Tony Benn: 'Controversial, But Courteous'
Updated: 1:18pm UK, Friday 14 March 2014
By Jon Craig, Chief Political Correspondent
Harold Wilson famously said of Tony Benn: "He immatures with age."
And it's true that as he grew older Benn changed from a charismatic and dynamic minister in the mainstream of government to a divisive left-winger who split the Labour Party, before becoming the national treasure of his declining years.
He was controversial, but always courteous. I first met him in the late 1970s, when he came to speak at Southampton University Students Union while still a Cabinet minister.
He paid his own train fare and came alone, without the army of spin doctors that accompany Cabinet and Shadow Cabinet members today.

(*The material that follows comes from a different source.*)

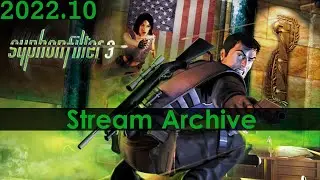 Revisiting Syphon Filter 3 in Widescreen [PS] [Stream Archive]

Throughout his long career, he would record interviews with journalists, for many years on an old-fashioned cassette recorder. He was quirky, but never tetchy.
Teetotal and famous for drinking tea from large mugs. And before smoking was banned he would smoke his pipe at party meetings and conferences.
In the early 60s, in terms of Labour Party presentation Benn was the Peter Mandelson of his day, a "moderniser" pioneering the party's use of television as a means of communicating with voters as Wilson swept the Tories out of office in 1964.
He leaves some historic legacies. As Postmaster General in the Wilson government he oversaw the opening of London's Post Office Tower and drove pirate radio stations off the air. Then, as Minister for Technology, he was in charge of the development of Concorde.
In those days, he was known as Antony Wedgewood Benn, until he declared in 1973 – when he was moving sharply left with Labour in Opposition – that he wanted to be known in future as Tony Benn.
For years, however, the Daily Mail continued to call him by his old name.
Of course, despite his claims to be a great hero of the working class, Benn was in fact as upper crust as they come and earlier, in 1960, had to fight a battle in Parliament to disown his hereditary peerage, Viscount Stansgate, so he could remain an MP.
In 1975, when Wilson was back in Downing Street and held a referendum on whether Britain should stay in the Common Market, Benn shared platforms with Right-wing Tory MPs opposed to Britain's membership.
But it was after Labour's crushing defeat by Margaret Thatcher in 1979 that he became the leader of Labour's hardline left wing in a civil war that led to the breakaway SDP formed by major Labour figures Roy Jenkins, Shirley Williams and David Owen.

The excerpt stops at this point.